Phone: (336) 714-0333
301 N. Main Street, Suite 2200
Winston-Salem, NC 27101

By: Will Martin

I am frequently asked by REALTORS® whether they are required to disclose the existence of some past event that had an adverse effect on a property. I give my customary “it depends” answer because the answer depends—as it always does—on the particular facts.

Take the following example: you’ve just gotten a new listing on a house and you’re sitting at the seller’s dining room table assisting her in completing the Property Disclosure Statement. The seller relates that one Saturday evening a couple of years ago, water began dripping from the dining room chandelier just before the arrival of dinner guests. The dinner party was adjourned to the living room and was a screaming success, but a post-party investigation revealed a slow leak in an upstairs bathroom tub/shower just above the dining room that had caused a significant amount of unseen damage. Lots of damp wood and mold under the tub in the space above the dining room ceiling. (The hair on your neck stands up when the seller mentions “mold.”) The leak was fixed, the mold removed and a fair amount of sub flooring and sheetrock replaced. (You steal a glance at the dining room ceiling as the seller is talking and it looks perfect.) The seller tells you that she has documents from a reputable contractor that detail all the work that was done.

You are thinking to yourself: Do I have to disclose any of this to a prospective buyer? As you know, you are required by the licensing law and the REALTOR® Code of Ethics to disclose material facts about a property. So are the facts that the seller has told you about in the above example material facts?

In my opinion, if an agent can, under the particular circumstances with which he/she is confronted, reasonably conclude that: (1) the source of a problem has been identified and satisfactorily corrected/repaired and (2) any damage caused by the problem has been satisfactorily repaired, then the agent would not be required to disclosure any facts about the problem.

The damage has been remediated and the information is no longer material. In the example given, I would recommend that you, as the listing agent, request copies of the documentation from the contractor. If the documents support what the seller has told you, and based on your own inspection of the property there are no indications that the problem still exists, I do not believe you would be required to disclose what the seller has told you about the leak or the problems it caused to prospective buyers.

On the other hand, if the seller didn’t have reasonable documentation from the contractor and you were unable to reasonably satisfy yourself in some other way that the leak and the resulting damage had been taken care of (by perhaps contacting the contractor who did the work or getting a supporting opinion from another qualified person), then you would probably be required to disclose.

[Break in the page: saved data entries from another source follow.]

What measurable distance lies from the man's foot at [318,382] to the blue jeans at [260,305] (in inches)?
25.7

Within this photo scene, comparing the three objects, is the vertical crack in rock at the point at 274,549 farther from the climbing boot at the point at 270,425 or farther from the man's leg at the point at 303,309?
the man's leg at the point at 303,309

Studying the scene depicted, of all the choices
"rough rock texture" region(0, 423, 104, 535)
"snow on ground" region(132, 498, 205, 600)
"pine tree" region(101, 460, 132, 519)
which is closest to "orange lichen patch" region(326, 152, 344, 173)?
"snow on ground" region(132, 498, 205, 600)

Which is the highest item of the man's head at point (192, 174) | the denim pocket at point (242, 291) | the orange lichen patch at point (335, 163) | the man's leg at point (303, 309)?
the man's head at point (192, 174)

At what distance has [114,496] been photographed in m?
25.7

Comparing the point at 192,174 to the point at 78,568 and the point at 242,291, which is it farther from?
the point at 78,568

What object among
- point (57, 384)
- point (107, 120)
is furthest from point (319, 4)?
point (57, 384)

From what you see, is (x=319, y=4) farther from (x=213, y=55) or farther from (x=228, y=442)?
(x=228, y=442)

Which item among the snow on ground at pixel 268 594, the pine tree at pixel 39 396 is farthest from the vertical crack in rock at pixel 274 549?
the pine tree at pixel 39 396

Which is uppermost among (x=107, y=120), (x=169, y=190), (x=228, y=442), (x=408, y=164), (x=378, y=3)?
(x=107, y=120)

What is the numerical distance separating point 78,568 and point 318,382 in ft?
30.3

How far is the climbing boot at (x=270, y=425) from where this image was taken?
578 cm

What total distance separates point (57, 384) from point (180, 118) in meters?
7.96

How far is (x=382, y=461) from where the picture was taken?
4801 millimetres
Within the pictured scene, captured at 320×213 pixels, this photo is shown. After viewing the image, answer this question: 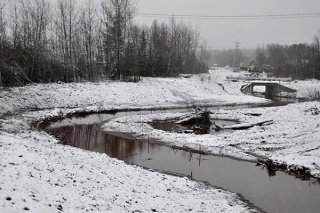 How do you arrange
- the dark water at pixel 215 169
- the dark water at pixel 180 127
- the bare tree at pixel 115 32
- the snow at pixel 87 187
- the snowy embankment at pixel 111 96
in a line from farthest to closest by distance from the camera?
the bare tree at pixel 115 32 < the snowy embankment at pixel 111 96 < the dark water at pixel 180 127 < the dark water at pixel 215 169 < the snow at pixel 87 187

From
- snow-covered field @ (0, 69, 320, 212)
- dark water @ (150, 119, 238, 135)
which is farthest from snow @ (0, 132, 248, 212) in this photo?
dark water @ (150, 119, 238, 135)

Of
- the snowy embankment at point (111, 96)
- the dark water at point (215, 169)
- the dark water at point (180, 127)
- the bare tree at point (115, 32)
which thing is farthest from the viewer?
the bare tree at point (115, 32)

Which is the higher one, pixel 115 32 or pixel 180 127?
pixel 115 32

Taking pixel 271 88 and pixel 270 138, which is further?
pixel 271 88

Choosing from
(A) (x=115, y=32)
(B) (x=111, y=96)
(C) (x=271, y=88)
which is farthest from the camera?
(C) (x=271, y=88)

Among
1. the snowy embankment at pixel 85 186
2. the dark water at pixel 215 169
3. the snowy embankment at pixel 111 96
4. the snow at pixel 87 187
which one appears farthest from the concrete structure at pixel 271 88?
the snow at pixel 87 187

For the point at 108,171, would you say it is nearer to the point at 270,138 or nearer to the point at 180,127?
the point at 270,138

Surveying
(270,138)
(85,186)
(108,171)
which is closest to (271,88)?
(270,138)

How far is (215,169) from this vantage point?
17.8 metres

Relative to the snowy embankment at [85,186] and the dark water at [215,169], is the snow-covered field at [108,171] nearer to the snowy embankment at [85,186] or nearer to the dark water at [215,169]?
the snowy embankment at [85,186]

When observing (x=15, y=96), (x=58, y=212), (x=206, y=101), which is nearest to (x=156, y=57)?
(x=206, y=101)

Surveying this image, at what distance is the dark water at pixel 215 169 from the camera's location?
→ 13562mm

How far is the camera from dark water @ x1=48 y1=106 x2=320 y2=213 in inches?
Result: 534

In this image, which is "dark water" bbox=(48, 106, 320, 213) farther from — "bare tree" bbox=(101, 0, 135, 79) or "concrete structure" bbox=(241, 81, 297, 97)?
"concrete structure" bbox=(241, 81, 297, 97)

Even if disclosure isn’t required, I recommend that agents have a discussion with their seller clients about the potential benefit of disclosing anyway. Buyers who discover the existence of a previous problem after closing sometimes threaten or even take action against the listing firm and/or the seller based on an alleged “cover-up” of the problem. Disclosing the problem up front and demonstrating that everything has been fixed should help avoid that possibility.

An agent should also take note that the North Carolina Real Estate Commission believes that if there is any doubt, then disclosure should be made. In their 2008-09 Update Course, the Commission said:

When in doubt, a broker should err on the side of disclosure and should encourage his/her seller to make available to prospective purchasers information as to who did the repairs and the nature and extent of the repairs. Providing this information may be sufficient to satisfy a buyer and eliminate the issue. If not, the buyer nonetheless is on notice and may undertake whatever investigations or inspections s/he desires. The whole point of disclosing is to put others on notice so they may investigate if they want, but they cannot investigate matters of which they are not aware, particularly latent, rather than patent, issues.

Based on the Commission’s position, an agent should carefully consider whether failing to disclose is worth the risk of a North Carolina Real Estate Commission ethics complaint down the road.